Durante mi tiempo en esta casa –en las temporadas 2006-2007 y 2007-2008– tuve el honor de hablar ante ustedes en dos de estas reuniones entre patronos y becarios. Esta vez, en razón del premio del que generosamente se me ha considerado ganador, he sido invitado a hacerlo nuevamente, aun cuando ya no formo parte del primer equipo y mi puesto ahora sea ocupado por algún narrador revolucionario, un dramaturgo experimental o, aun, otro poeta obsesionado con la Forma. Se me ha invitado, digo, pero en realidad esto es para mí no menos que un regalo, una feliz oportunidad para mimetizarme con la generación actual, estrechar la mano de los amigos y reencontrarme con tantos y tan valiosos recuerdos a cada paso y mire hacia donde mire.

Para quienes tuvimos la suerte de ser becarios –coincidía con Federico Vite hace unas semanas–, la Fundación viene siendo, y lo será por siempre, nuestra alma máter. Pensar en esta casa, y en todo lo que nos ocurrió al interior de ella, es revivir con alegría y satisfacción un período invaluable, crucial, de nuestra vida. Yo estoy seguro de que ninguno en su intimidad podrá negar que sus días aquí fueron determinantes, que lleva los colores en el corazón, que aun siendo titular en el Fonca o convirtiéndose más tarde en director técnico, ganando campeonatos, su pequeño cubículo en la casa o en la Taquería (o como les llamen ahora) persistirá en sus recuerdos como una nota al pie entrañablemente necesaria.

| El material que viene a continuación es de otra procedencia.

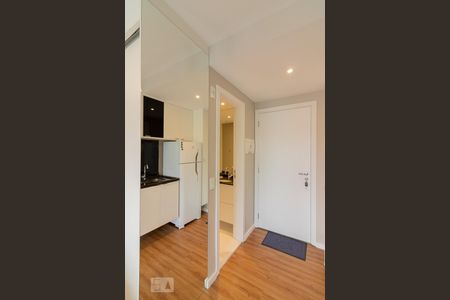 Studio de kitnet/studio para alugar com 1 quarto, 28m² em Indianópolis, São Paulo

Recuerdo que al entrar se nos pidió, como a todos, escribir una especie de semblanza propia para el sitio de la Fundación. Yo tenía abierto Word desde hacía no sé cuánto, me giré con todo y silla hacia Alejandro Arteaga y le pregunté, retóricamente y desde cero: ¿Y qué vamos a poner, si lo único que hemos hecho es entrar a la Fundación? Poco a poco, los premios y las publicaciones fueron surgiendo, aun –pero no en el caso mío– durante el período de beca. Salvo para este, que todavía me da pudor nombrar, yo jamás había participado para otro premio, y antes de ser admitido en la Fundación, sólo había publicado un libro (nada espectacular, me parece).

En este momento está por concluir mi compromiso con el Fonca. He colaborado en ciertas revistas y se me ha invitado a dar algunas lecturas aquí o allá. Me presentan –me presento– como poeta y ensayista, pero yo sólo intento decirle a aquel chico de doce años, el que fui en Oaxaca, que no se desanime, que no haga demasiado caso a quienes le hacen bromas por escribir lo que imagina, que siga tumbado panza abajo leyendo Las Mil y Una Noches mientras come galletas María remojadas en leche. Quiero decirle que algún día estará en un sitio llamado Fundación para las Letras Mexicanas y podrá dedicarse enteramente, como lo dijo en su momento Jorge Francisco Hernández, al oficio más bonito del mundo.

Gracias, señores, por creer en mí, por creer en nosotros. Gracias, Toni, por aparecer en mi vida. Gracias por honrarme con esta invitación y permitirme estar de nuevo aquí, esta mañana, en mi casa.